In a perfect case of what is known here as the “Armenian reality,” Shoghaken played a short concert of sorts for President Serge Sargsyan and his wife and the first lady of Russia, even though a call the night before from the Culture Ministry assured they would be playing at a banquet for the well known Abkhaz conductor Gergiev as well as several classical musicians visiting from Russia. Watching from outside on the sidewalk, as I had been asked to leave the quite small restaurant by one of seemingly dozens of security guards, I saw the president and his wife walk in the restaurant, but wondered where the conductor and musicians were, thinking simple-mindedly that they had slipped in through another entrance, or while I was talking to or being questioned by security personnel.

After an hour or so had passed, Shoghaken members left the restaurant, located on the edge of the Cascade in downtown Yerevan, holding their instruments and smiling but with shocked looks on their faces. Still unaware of anything unusual, I asked how the concert had gone, and they laughed, saying the room was so small they were told to play quietly so as not to disturb the small presidential party, until they were asked to leave for “security reasons.” They also said that the restaurant owner continually apologized, as he hadn’t been told that eight musicians were going to perform, and that he had no place for them to change into their costumes, thus their changing in places I won’t mention…
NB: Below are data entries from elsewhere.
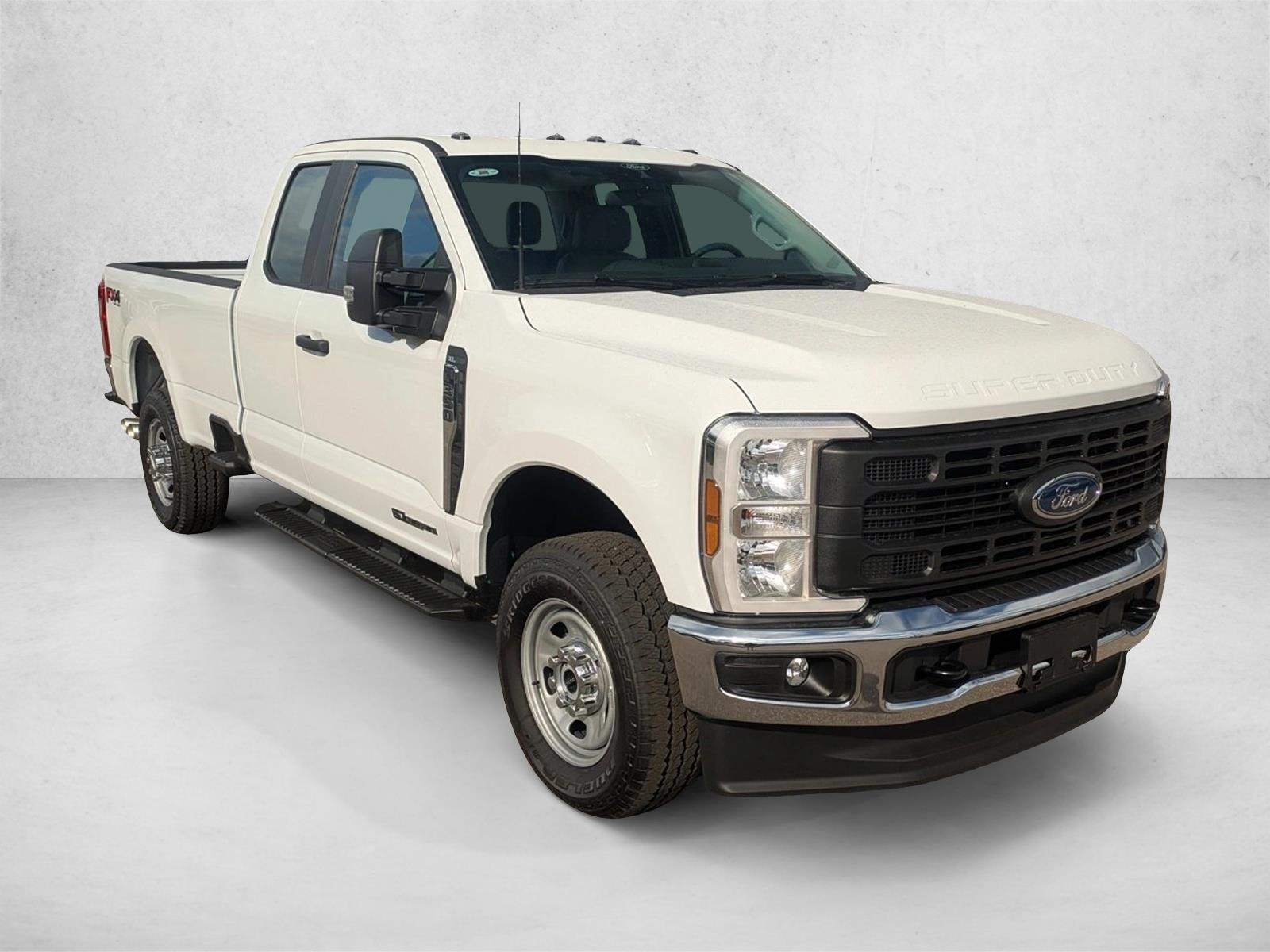 2026 Ford F-350 Super Duty XL - Photo 6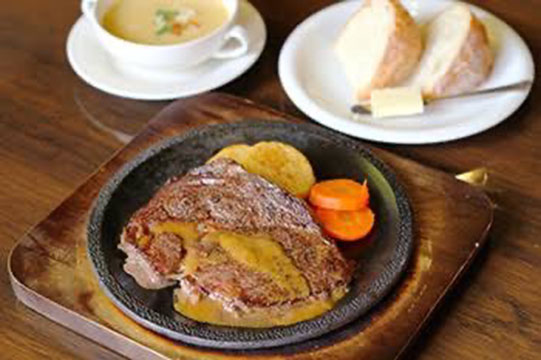 欧風料理フルハウス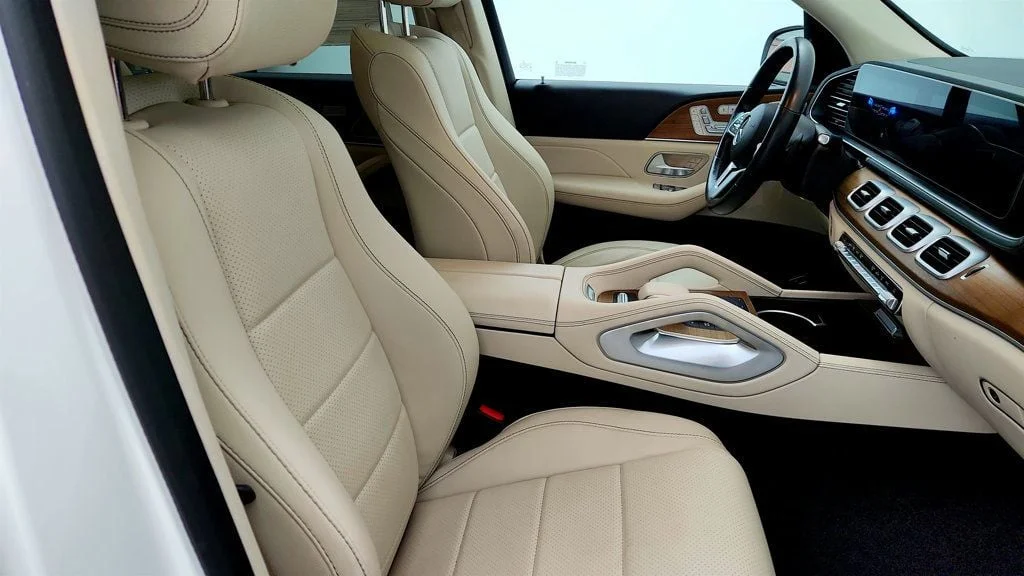 Used 2022 Polar White Mercedes-Benz GLS 450 4MATIC® SUV w/ Warmth & Comfort Pkg & Panorama Roof image 25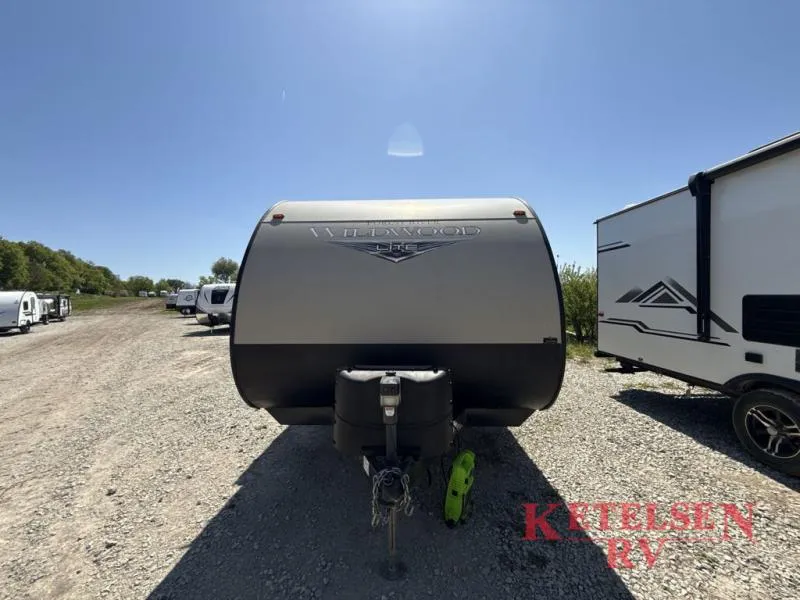2019 Forest River Wildwood X-Lite 261BHXL - Photo 4
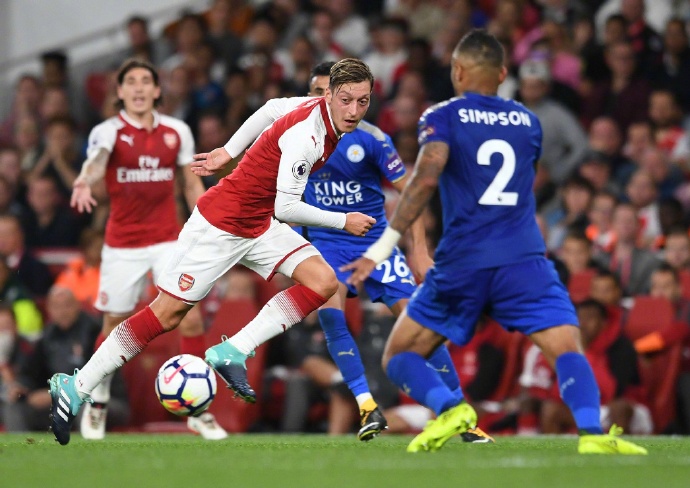 莱斯特城逆转战胜对手，喜迎开门红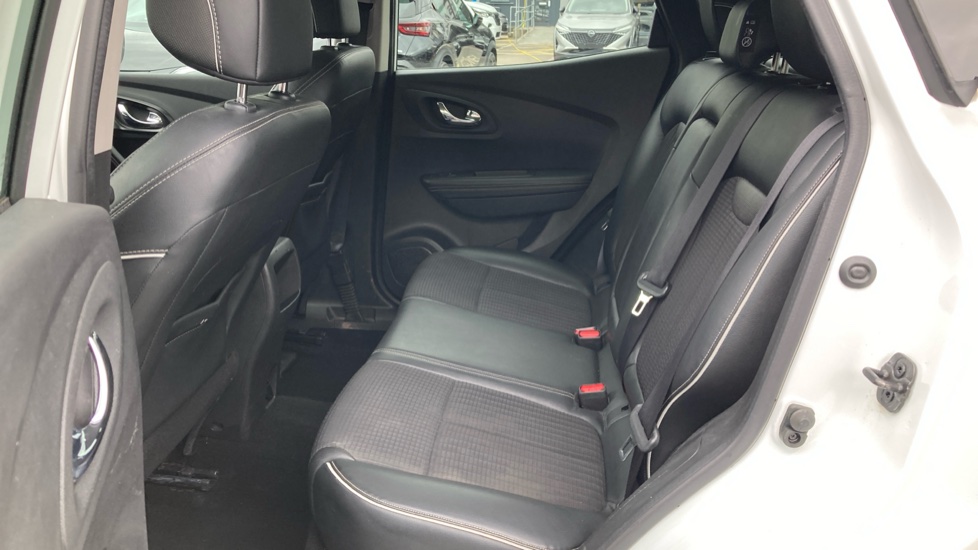 Renault Kadjar 1.6 dCi Signature Nav 5dr Diesel Hatchback - Image 16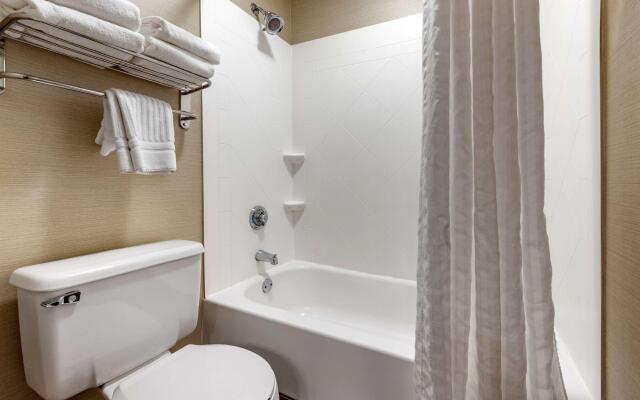 Comfort Inn & Suites Butler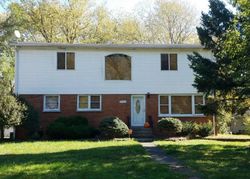 Pre-foreclosure in  E END ST South Holland, IL 60473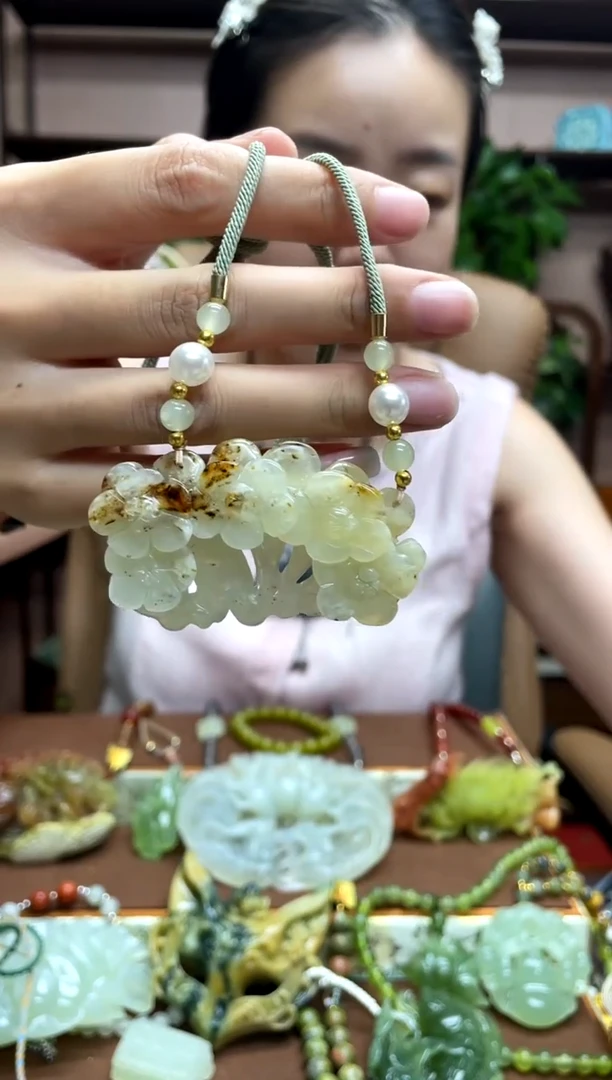 岫玉未镶嵌颈饰·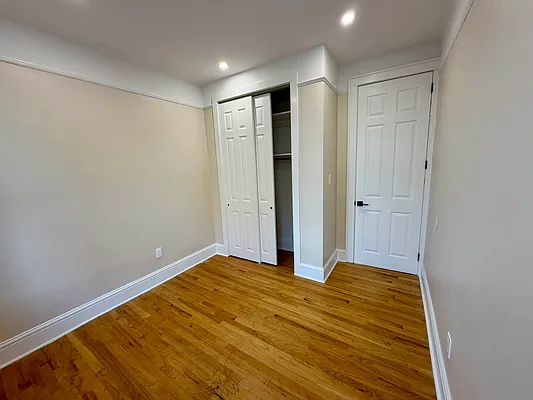 Bedroom, photo 3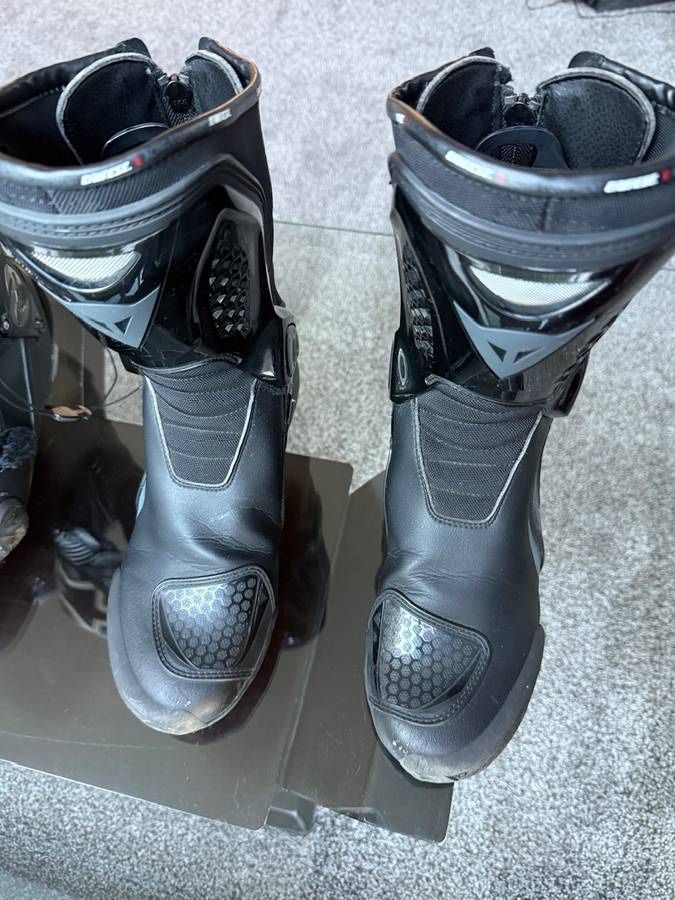 Motorcycle Boots Dainese TRQ-Race Out Black US 8.5 / EU 41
While still waiting outside for the musicians, I sat down at a sidewalk coffee shop and ordered a glass of berry juice, when I saw a painter who I knew had just returned from an exhibition in Europe. After talking about his exhibition, the talk turned to his family:

“My oldest son just finished his army duty. My youngest son is serving in Vardenis, and still has a year to go. All I can say is, from what they tell me, is that it’s understandable why many of our youth enter the army with all the right patriotic feelings, but when they’re done serving, they leave the country, disillusioned.

“They say the food is terrible, not fit for beggars. One of my sons got sick, which isn’t the end of the world, as he got better, but the reason he got sick, pneumonia we think, is that one winter day, when it was minus-20 or so, the commander had the soldiers all line up to check whether their shoes were clean or not, and by the time he got through all of them, the result was that within a couple of days, nine of the soldiers had pneumonia.

“We have to be smarter than this. We’re a small country, and have to use our heads better than this. We don’t have the population the Russians do.”

1 comment:

Unknown said...

Any halfwit knows you do not get the best out of soldiers by beatings or failing to look after their health. If you treat them as cannon fodder, do not expect them to suddenly turn into heros with an initiative!